Valuing our Mother Tongue

November 7, 2019
November 7, 2019 Peter Welch

 Valuing our Mother Tongue

This past weekend, Secondary students organized a Mother Tongue conference at AISB – an excellent initiative that was really valued by all the students, parents and teachers involved. AISB is making great effort to value world language and provide more opportunities for students to study their mother tongue. 

Charlemagne, the medieval French king, once said that “to have a second language is to have a second soul”. Our language and ways of communicating shape our experience of the world profoundly. There are over seven thousand world languages, and each offers a unique way of experiencing human communication.  

 Ask a fluently bilingual person what happens when they switch languages and they might say that they think differently, move differently and even adopt a changed persona. If you speak many languages, you may be able to switch cultural codes when you travel. However, so crucial is language to our sense of identity that you will only feel truly yourself when speaking your mother tongue.

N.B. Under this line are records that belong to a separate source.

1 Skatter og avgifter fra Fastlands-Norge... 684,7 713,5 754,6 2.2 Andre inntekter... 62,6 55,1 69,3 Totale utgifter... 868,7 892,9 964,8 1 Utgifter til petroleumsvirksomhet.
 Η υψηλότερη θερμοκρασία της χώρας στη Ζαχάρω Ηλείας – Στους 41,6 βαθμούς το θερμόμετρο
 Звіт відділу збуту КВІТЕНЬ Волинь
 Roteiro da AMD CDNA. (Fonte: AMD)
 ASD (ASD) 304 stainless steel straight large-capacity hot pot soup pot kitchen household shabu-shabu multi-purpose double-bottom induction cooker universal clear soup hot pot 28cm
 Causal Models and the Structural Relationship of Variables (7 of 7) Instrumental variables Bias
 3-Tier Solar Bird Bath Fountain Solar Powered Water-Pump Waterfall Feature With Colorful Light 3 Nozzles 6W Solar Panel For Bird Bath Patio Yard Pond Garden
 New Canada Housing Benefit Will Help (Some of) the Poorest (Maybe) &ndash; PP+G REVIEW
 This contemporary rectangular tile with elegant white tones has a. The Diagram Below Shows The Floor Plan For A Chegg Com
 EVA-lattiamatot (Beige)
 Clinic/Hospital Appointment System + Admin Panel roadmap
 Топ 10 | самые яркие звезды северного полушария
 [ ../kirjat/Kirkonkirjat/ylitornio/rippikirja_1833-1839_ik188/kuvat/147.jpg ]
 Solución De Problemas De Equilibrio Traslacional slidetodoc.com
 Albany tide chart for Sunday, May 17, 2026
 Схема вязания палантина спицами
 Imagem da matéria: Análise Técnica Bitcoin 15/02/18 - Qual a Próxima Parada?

 Let’s consider some examples of how a language can influence a culture. The English language has an expansive and rich lexicon full of possibilities for synonyms, wordplay and double-meaning. It, therefore, offers lots of opportunities for a form of layered humour, such as satire, irony or sarcasm. English also offers many varieties of understatement and prevarication, although I may possibly need a smidgen, a crumb, a mere morsel of further rumination to thoroughly investigate, nay muckrake, that interim conclusion.

 In the elegant language of French, one is equipped to be an excellent debater – trés quick and precise. This is the old vernacular of European diplomacy, after all. In German, we can be über-clear and serious in what is a logical, stout language. German philosophers and political theorists have been extraordinarily influential in the development of European thought. Try speaking Italian and keeping your hands still with its elongated and expressive vowel sounds. Italian is a passionate language that is intertwined with a passionate culture. In Japanese, there are many rules for formal and polite speech to match the demands of a social situation. The language offers a detailed grammar for saying sorry, or no thank you so very sweetly. When a Japanese person must communicate in English they are deprived of these nuances of social language and are forced to convey politeness with exaggerated gestures instead.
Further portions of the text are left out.